In een der vorige overzichten hebben wij gememoreerd, dat de Algemeene Volkscredietbank wel aan haar doel beantwoordt en leeningen aan het volk verschaft, maar toch de sympathie van het volk niet heeft, daar zij geen philanthropisch karakter draagt en in sommige gevallen tot gerechtelijke vervolging overgaat. Ook in de Kebangoenan vinden wij een dergelijke beschouwing. De Bank als instelling om het volk economisch weerbaar te maken voldoet niet. Volgens schr laat de Bank zich al te veel door rentabiliteits-overwegingen leiden, let te veel op eigen belang, vermindert zijn credieten juist in tijden, dat het volk groote behoefte aan kapitaal heeft. Het gevolg is, dat het in handen valt van ā€˛particuliere" geldschieters. Schr stemt meer in met de werkwijze van het Departement van Economische Zaken, dat de productieve krachten van het volk wil ontwikkelen. Dit is vooral voor Java, waar de suiker als hoofdbron van inkomsten opgehouden heeft te bestaan, van groot belang. In de Buitengewesten wordt minder behoefte aan nijverheid gevoeld, daar er nog steeds vraag is naar rubber en copra en andere producten, die daar gekweekt worden. Maar voor de welvaart van Java is het van beteekenis, dat zij zelf producten gaan vervaardigen, die lager in prijs kunnen zijn dan de aangevoerde uit het buitenland.

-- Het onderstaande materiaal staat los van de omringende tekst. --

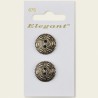 Sirdar Elegant Antique Silver Embellished Metal Button 19mm 2 Hole Pack of 2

Bovendien moet de positie van het volk op het gebied van import en distributie versterkt en in de Buitengewesten de export beter georganiseerd worden. Dit zijn de wegen tot verbetering der economische positie van het volk.

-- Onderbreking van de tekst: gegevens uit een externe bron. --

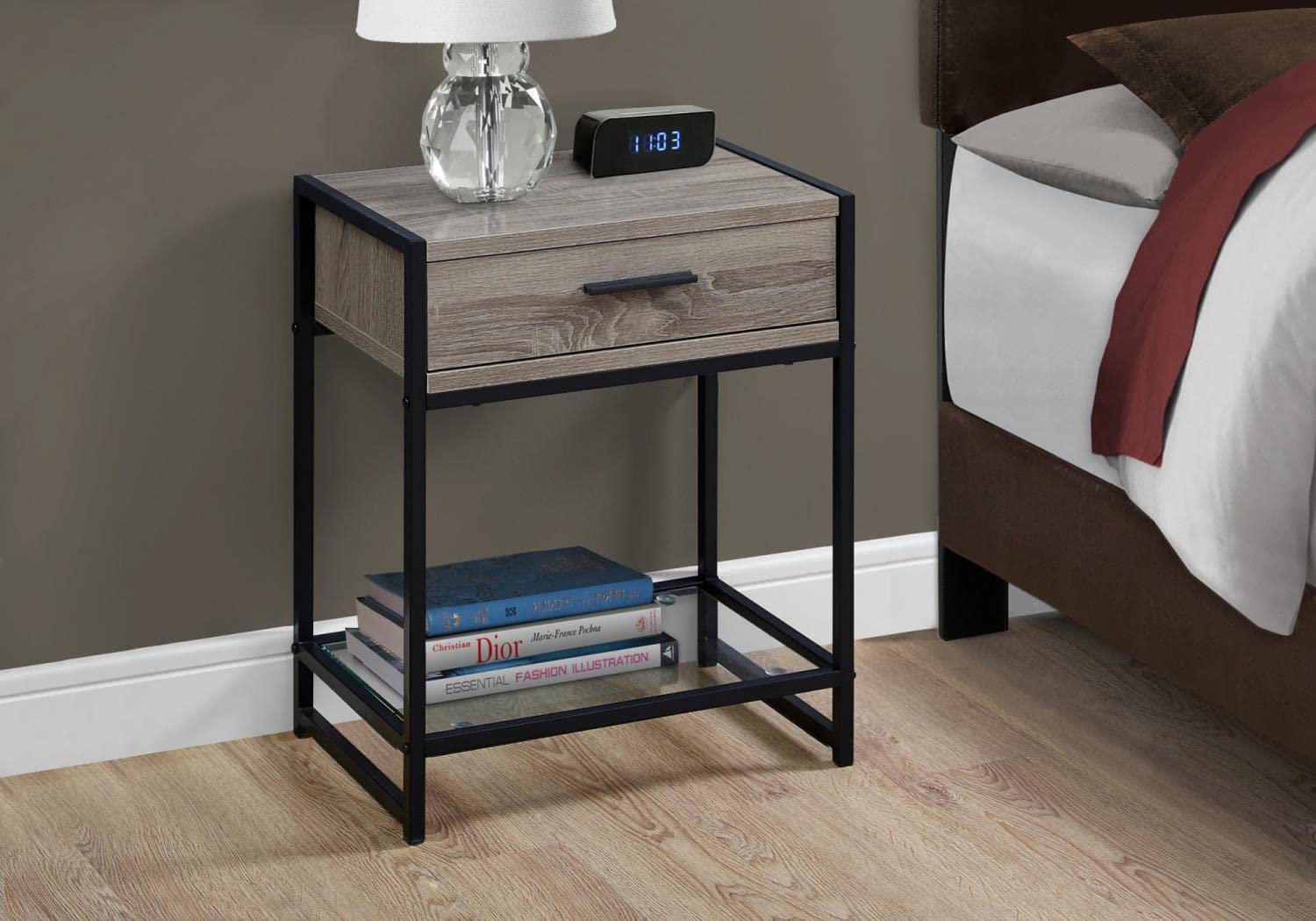 Monarch Specialties Accent Table Side End Nightstand Lamp Bedroom Metal Laminate Brown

De prijsstijging der producten.

De Sinar Deli wijst er op, dat er momenteel op verschillende plaatsen op Sumatra onder de bevolking, zij het dan nog in geringe mate, door prijsstijging eenige verademing komt. Het blad richt nu een ernstige waarschuwing tot het volk, om niet terug te vallen in de oude fout de inkomsten, groot en klein, onmiddellijk te verteren, maar te leeren sparen voor kwade tijden.